I've checked and replaced all the cables I have access to and all are RG6. 
Any thoughts on what the problem might be?

Thanks!


----------



## P Smith (Jul 25, 2002)

central wire corrosion somewhere ? F-connectors failures ? do you have a switch ? - try to recycle its power


----------



## blahblahblah65 (May 23, 2008)

I replaced all of the wires so I can't imagine corrosion is an issue/f connector issue. No switch is installed, as it just goes from the dish to the home distribution which only has a splitter. 

Would switching the port on the LNB assembly matter? I haven't tried that yet...


----------



## P Smith (Jul 25, 2002)

I would try new LNBF. BTW, did you check Details after System Info, perhaps there is drift of LOF in the LNBF ?


----------



## blahblahblah65 (May 23, 2008)

P Smith said:


> I would try new LNBF. BTW, did you check Details after System Info, perhaps there is drift of LOF in the LNBF ?


Can you explain what that means? I have not checked that screen but I will. Just need to know what I'm looking for since I've not heard of this before.
thanks!


----------



## P Smith (Jul 25, 2002)

Take a look at that threads and posts what are about the "drift" of LNBF; I would recommend use Search in dish forums.


----------



## boba (May 23, 2003)

Did you ever get the spark problem from May solved?


----------



## Stewart Vernon (Jan 7, 2005)

_Moving to the 722 support forum for more exposure._


----------



## blahblahblah65 (May 23, 2008)

boba said:


> Did you ever get the spark problem from May solved?


Hi, yes, I ended up just running a separate cable.

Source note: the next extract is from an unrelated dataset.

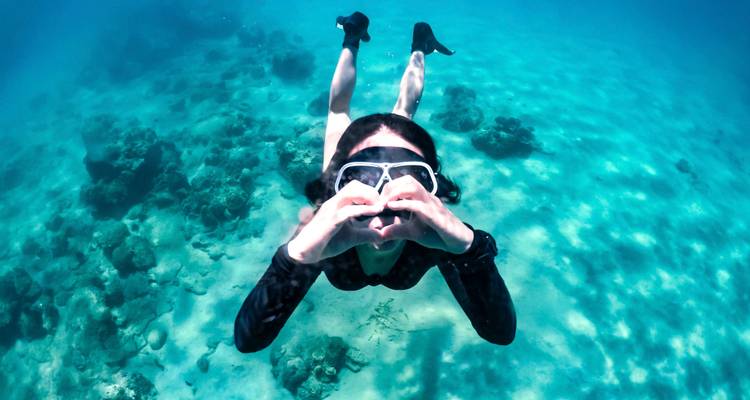 Unterwasserszene eines Schnorchlers, der mit den Händen eine Herzform bildet, inmitten von Korallenriffen.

So rather than using the diplexer setup I use separate cables for HSI and Dish now. Seems to have worked. Sorry I did not follow up in the other thread!!


----------



## CeeWoo (Dec 1, 2008)

Mine is a 722K, but Strangely, I've had the 'partial signal loss' message come up a couple times in the last couple weeks. In playing around with the remote, I found that when I hit the 'guide' button, and then the cancel button, it goes back to normal.

Has me scratching my head


----------